Moving wood from damaged buildings, pallets, landscape timbers, utility poles and other paper or wood products out of the infested area into uninfested areas can spread the termites. Back in October, the Louisiana Department of Agriculture and Forestry imposed a quarantine on 12 Louisiana parishes. Wooden architectural components in that area can't be sold or used until they are fumigated or heat-treated to kill the termites.

The termite is found in other Gulf Coast states and they are not part of the quarantine.

Landscape materials that have been shredded probably don't have any termites at that time. It is possible that they could get termites by sitting around waiting to be sold, however. Logs, firewood piles and damaged building materials can become termite-infested if left on the ground. The quarantine does not cover these materials.

Louisiana is a large exporter of shredded cypress mulch. The mulch is long-lasting and inexpensive, as it is a waste product from the making of cypress wood items. Cypress trees are naturally rot-resistant and the wood is used for shingles and outdoor furniture.

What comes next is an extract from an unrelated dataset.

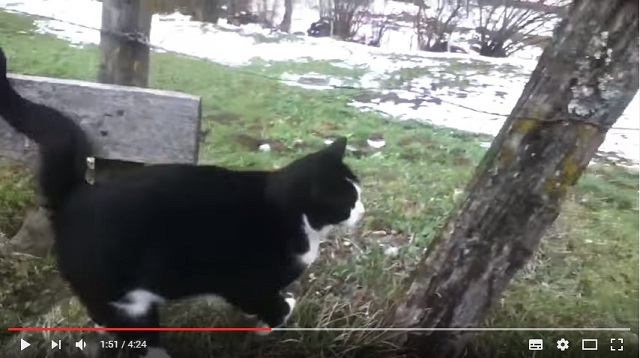 山の神の使者？スイスの村で道に迷った男性を導いた猫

The mulch is often sold in bags in gas stations and other discount store locations.

There are a lot of people against using cypress mulch, shingles and other cypress products because old-growth cypress areas are being logged. The trees take at least 100 years to get to the proper size for cutting. Many areas in Louisiana logged a century ago have finally begun getting back to the proper size.

Ivory-billed woodpeckers need huge areas of the large trees for their habitat, so some people don't want the cypress trees to be cut down again in hopes the birds might come back.

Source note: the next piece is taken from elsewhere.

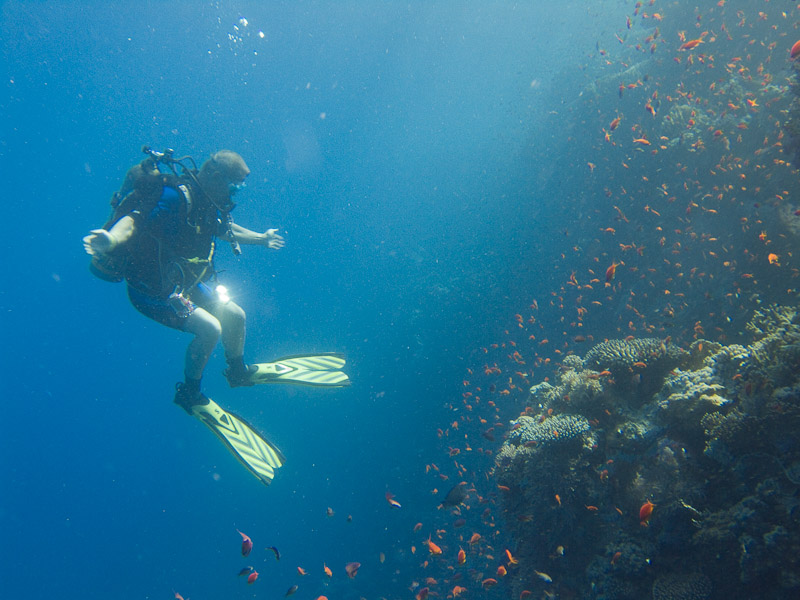 Photo at Woodhouse Reef:  Sea goldie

Besides removing the trees, roads or canals need to be installed in the swamps to harvest the trees. This damages the swamps, and damaged swamps are part of the reason there was so much flooding in the Gulf Coast region during the recent storms.

It is a complex situation, since even though many trees came back once, there are a lot more roads, pipelines, cities and people, plus there are a lot less wetlands as they have been drained or not replenished because of river channelization.

In many areas, the trees did not come back and the low-quality grass and scrub areas did not protect the coastline from waves. There is concern the trees won't come back over the next hundred years in the areas they came back the first time.

To answer part of your question, cypress mulch won't likely be infested by the termites, but there are other reasons you may not want to use it.

It is a good idea to use mulch in most landscapes. Composted mulch has been naturally heated to kill many pest organisms, but raw bark mulch could harbor some pests, although it is unlikely.

Another area of the country that has a quarantine for wood products is Michigan, to stop the spread of the emerald ash borer, an exotic beetle that was discovered in the Detroit area. It was probably brought in on wooden packing material from Asia, where it is native. Large areas of Michigan, Ohio and Indiana have been quarantined.

The larvae feed on the inner bark of ash trees. To prevent the spread of the beetle, more than 10 million ash trees have been cut down so far. People have been arrested and fined for moving wood out of the quarantine areas. There are billboards in Michigan that tell people to bring their own marshmallows, but to leave the firewood at home.

It may be best to buy your mulch from local sources. Any potential pests in the mulch would already be in existence in your local region. Instead of bark mulch, you can use composted organic matter and you will get many of the same benefits.